# [ACTIVITY]
Output the entries below exactly, from the first line to the line holding "小女巫露娜付费图包合集，梦幻般的奇妙冒险。", both included.

# [WORKING DATA]
------------------------------------------------

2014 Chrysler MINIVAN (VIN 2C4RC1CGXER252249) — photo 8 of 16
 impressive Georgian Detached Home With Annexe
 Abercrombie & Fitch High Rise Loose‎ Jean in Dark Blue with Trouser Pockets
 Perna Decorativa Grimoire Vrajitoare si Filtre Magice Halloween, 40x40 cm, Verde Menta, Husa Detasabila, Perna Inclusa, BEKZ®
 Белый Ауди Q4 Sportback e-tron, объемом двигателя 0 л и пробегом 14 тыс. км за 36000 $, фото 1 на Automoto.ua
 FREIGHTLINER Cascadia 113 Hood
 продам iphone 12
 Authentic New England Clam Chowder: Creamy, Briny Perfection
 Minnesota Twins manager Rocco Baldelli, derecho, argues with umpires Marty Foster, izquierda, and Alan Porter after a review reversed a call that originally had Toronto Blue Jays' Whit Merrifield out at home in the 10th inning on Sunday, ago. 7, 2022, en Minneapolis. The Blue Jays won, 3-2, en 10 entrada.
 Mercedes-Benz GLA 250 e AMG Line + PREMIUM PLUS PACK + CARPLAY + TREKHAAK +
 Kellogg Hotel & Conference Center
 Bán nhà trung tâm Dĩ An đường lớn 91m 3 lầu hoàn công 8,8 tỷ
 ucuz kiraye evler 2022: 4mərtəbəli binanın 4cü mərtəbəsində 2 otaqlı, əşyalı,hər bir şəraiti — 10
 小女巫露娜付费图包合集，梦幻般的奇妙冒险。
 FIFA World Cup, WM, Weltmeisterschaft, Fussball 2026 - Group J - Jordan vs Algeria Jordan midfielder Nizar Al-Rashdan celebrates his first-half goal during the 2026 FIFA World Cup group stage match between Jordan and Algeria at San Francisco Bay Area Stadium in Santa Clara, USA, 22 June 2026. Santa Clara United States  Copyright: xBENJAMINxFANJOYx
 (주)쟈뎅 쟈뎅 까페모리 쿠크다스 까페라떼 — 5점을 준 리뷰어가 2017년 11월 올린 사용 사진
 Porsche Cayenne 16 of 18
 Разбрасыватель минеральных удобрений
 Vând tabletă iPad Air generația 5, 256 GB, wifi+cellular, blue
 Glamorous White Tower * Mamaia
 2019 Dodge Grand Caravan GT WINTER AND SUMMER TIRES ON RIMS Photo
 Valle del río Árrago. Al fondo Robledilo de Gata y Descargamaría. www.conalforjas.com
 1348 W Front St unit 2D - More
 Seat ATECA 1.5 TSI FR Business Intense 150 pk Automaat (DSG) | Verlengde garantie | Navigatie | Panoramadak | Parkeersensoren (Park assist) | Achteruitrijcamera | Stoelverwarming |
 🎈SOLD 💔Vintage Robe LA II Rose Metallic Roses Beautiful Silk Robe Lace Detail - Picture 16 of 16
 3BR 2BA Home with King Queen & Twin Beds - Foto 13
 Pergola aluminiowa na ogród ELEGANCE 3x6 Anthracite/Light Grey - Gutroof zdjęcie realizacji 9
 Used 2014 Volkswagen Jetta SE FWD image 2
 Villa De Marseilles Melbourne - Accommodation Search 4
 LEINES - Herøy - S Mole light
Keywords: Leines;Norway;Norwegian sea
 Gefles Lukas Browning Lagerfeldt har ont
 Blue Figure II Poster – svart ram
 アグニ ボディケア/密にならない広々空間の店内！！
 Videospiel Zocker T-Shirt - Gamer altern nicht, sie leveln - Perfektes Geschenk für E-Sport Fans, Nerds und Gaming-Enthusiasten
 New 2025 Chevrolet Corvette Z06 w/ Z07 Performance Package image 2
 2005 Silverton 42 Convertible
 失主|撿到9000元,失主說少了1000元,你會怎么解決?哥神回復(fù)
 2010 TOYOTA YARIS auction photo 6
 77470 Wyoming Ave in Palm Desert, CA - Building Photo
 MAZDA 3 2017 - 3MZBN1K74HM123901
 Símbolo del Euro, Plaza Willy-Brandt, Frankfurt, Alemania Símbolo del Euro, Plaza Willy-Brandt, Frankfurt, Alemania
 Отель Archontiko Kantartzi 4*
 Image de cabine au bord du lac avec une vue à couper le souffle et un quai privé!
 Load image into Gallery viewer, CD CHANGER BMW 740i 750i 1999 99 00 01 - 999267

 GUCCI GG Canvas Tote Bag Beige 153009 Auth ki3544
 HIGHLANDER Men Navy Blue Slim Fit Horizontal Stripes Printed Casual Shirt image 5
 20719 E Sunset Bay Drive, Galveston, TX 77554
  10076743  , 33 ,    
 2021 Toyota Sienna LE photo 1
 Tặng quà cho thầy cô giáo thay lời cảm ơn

------------------------------------------------

# [WRITTEN ANSWER]
2014 Chrysler MINIVAN (VIN 2C4RC1CGXER252249) — photo 8 of 16
 impressive Georgian Detached Home With Annexe
 Abercrombie & Fitch High Rise Loose‎ Jean in Dark Blue with Trouser Pockets
 Perna Decorativa Grimoire Vrajitoare si Filtre Magice Halloween, 40x40 cm, Verde Menta, Husa Detasabila, Perna Inclusa, BEKZ®
 Белый Ауди Q4 Sportback e-tron, объемом двигателя 0 л и пробегом 14 тыс. км за 36000 $, фото 1 на Automoto.ua
 FREIGHTLINER Cascadia 113 Hood
 продам iphone 12
 Authentic New England Clam Chowder: Creamy, Briny Perfection
 Minnesota Twins manager Rocco Baldelli, derecho, argues with umpires Marty Foster, izquierda, and Alan Porter after a review reversed a call that originally had Toronto Blue Jays' Whit Merrifield out at home in the 10th inning on Sunday, ago. 7, 2022, en Minneapolis. The Blue Jays won, 3-2, en 10 entrada.
 Mercedes-Benz GLA 250 e AMG Line + PREMIUM PLUS PACK + CARPLAY + TREKHAAK +
 Kellogg Hotel & Conference Center
 Bán nhà trung tâm Dĩ An đường lớn 91m 3 lầu hoàn công 8,8 tỷ
 ucuz kiraye evler 2022: 4mərtəbəli binanın 4cü mərtəbəsində 2 otaqlı, əşyalı,hər bir şəraiti — 10
 小女巫露娜付费图包合集，梦幻般的奇妙冒险。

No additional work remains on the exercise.